Strategic roles for AI and Data services
Strategic AI and Data services require explicit role design beyond “data science teams,” typically anchored by a Head of Data & AI Platforms (or CDO-equivalent) working in lockstep with the AI Head. Core responsibilities include establishing a data-product operating model (domain ownership, stewardship, SLAs), defining reference architectures with the Executive Architect, and institutionalizing DataOps/MLOps (CI/CD for pipelines, feature stores, model registries, monitoring, retraining triggers). The function governs end-to-end data lifecycle controls, ingestion, quality, lineage, metadata, retention and ensures interoperability via canonical models, APIs, and event streams.

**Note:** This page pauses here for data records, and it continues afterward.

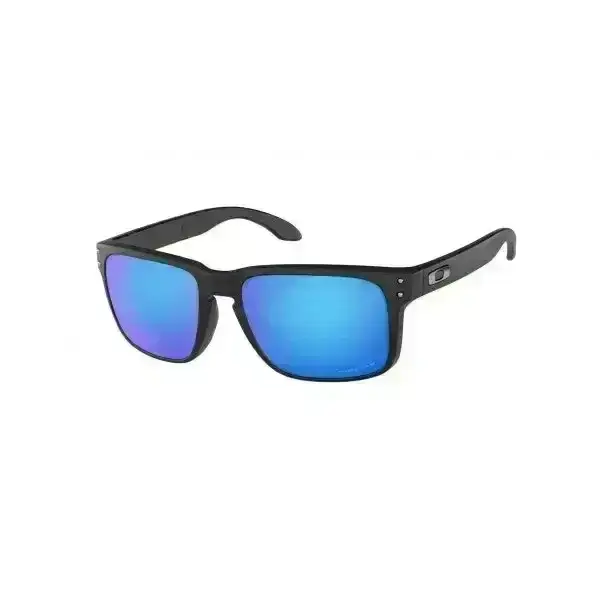 Oakley Holbrook Polarised Sunglasses Matte Black / Prizm Sapphire Iridium Polar 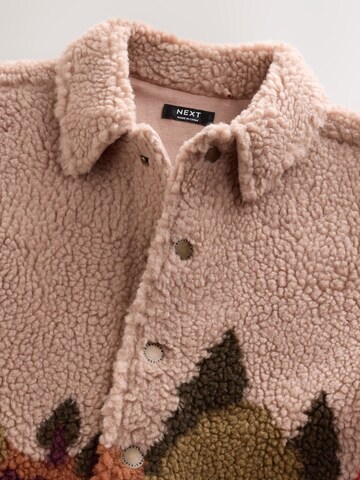 Next Fleecetakki värissä beige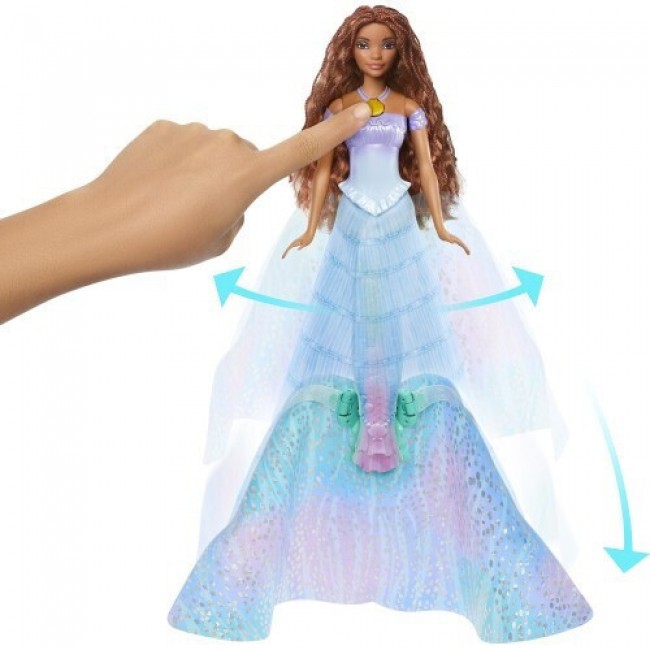 DISNEY THE LITTLE MERMAID ARIEL ΜΕΤΑΜΟΡΦΩΣΗ 2 ΣΕ 1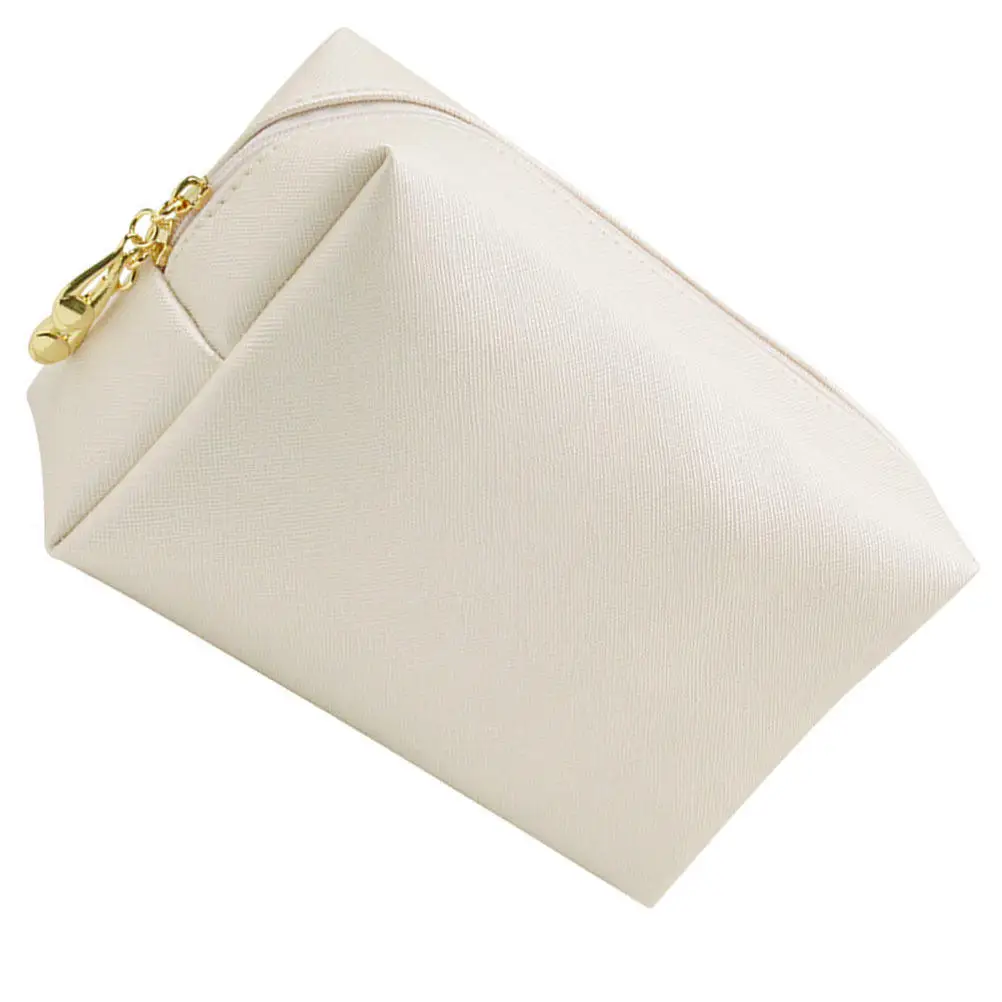 Large Capacity Square PU Makeup Bag for Travel – Portable Light Cosmetic Storage Pouch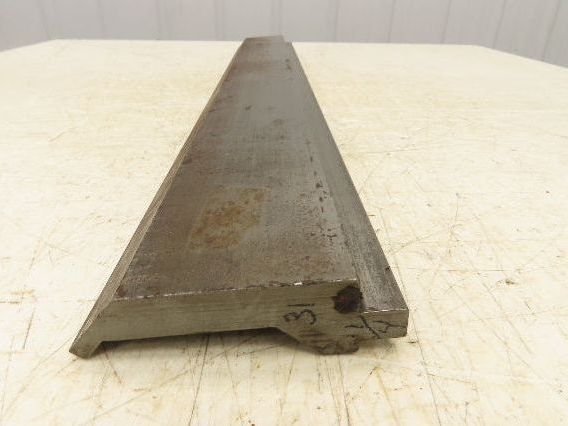 Press Brake Gooseneck Punch Die 31-1/4" Long 90° V 1/4" Finger 3-3/4" H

Necessity in Modern Environments
As AI scales, value depends on repeatable platforms and decision rights: federated governance, standardized KPIs (data freshness, model drift, cost-to-serve), and portfolio prioritization with the Head of Strategic Initiatives. The Engineering Head operationalizes platform reliability (SRE practices), while the AI Head enforces model lifecycle controls and model risk segmentation, enabling measurable outcomes without accumulating hidden data/technical debt.
Reshaping roles in Security, Privacy and Compliance
Security, Privacy, and Compliance roles must shift from gatekeeping to embedded control engineering. A modern structure pairs a Head of Cybersecurity Engineering with a Privacy Engineering Lead and GRC/Assurance Lead, aligned to product and platform teams. Responsibilities include implementing zero trust (identity-centric access, continuous verification), secure SDLC (threat modeling, SAST/DAST, supply-chain controls/SBOM, secrets management), and policy-as-code guardrails integrated into CI/CD and cloud landing zones. For AI, controls extend to model risk management: data provenance, adversarial testing, prompt/instruction hardening, abuse monitoring, and audit-ready traceability of training/inference inputs.
Necessity in Modern Environments
Regulatory and reputational risk increases with cloud, APIs, and AI-driven automation; therefore, governance must be measurable and automatable. Executive Architects define security reference patterns; Engineering Heads enforce remediation SLAs; AI Heads co-own ethical/responsible AI controls; Heads of Strategic Initiatives ensure control assurance is planned into transformation roadmaps, reducing cycle time while improving compliance evidence quality.
Conclusion
The rise of new age technology roles signals a profound shift in how IT organisations operate and deliver value. By embracing these roles and fostering the convergence of people and technology management, enterprises can unlock new levels of innovation, agility, and resilience. For IT leaders, the imperative is clear: continually evolve, invest in talent, and build adaptable structures to navigate the complexities of the digital age. Those who do will be well-positioned to lead their organisations into a future defined by technological excellence and strategic foresight.
Together, these roles formalise decision rights across architecture, engineering, data/AI, and risk, reducing friction while scaling innovation through measurable governance and repeatable delivery mechanisms.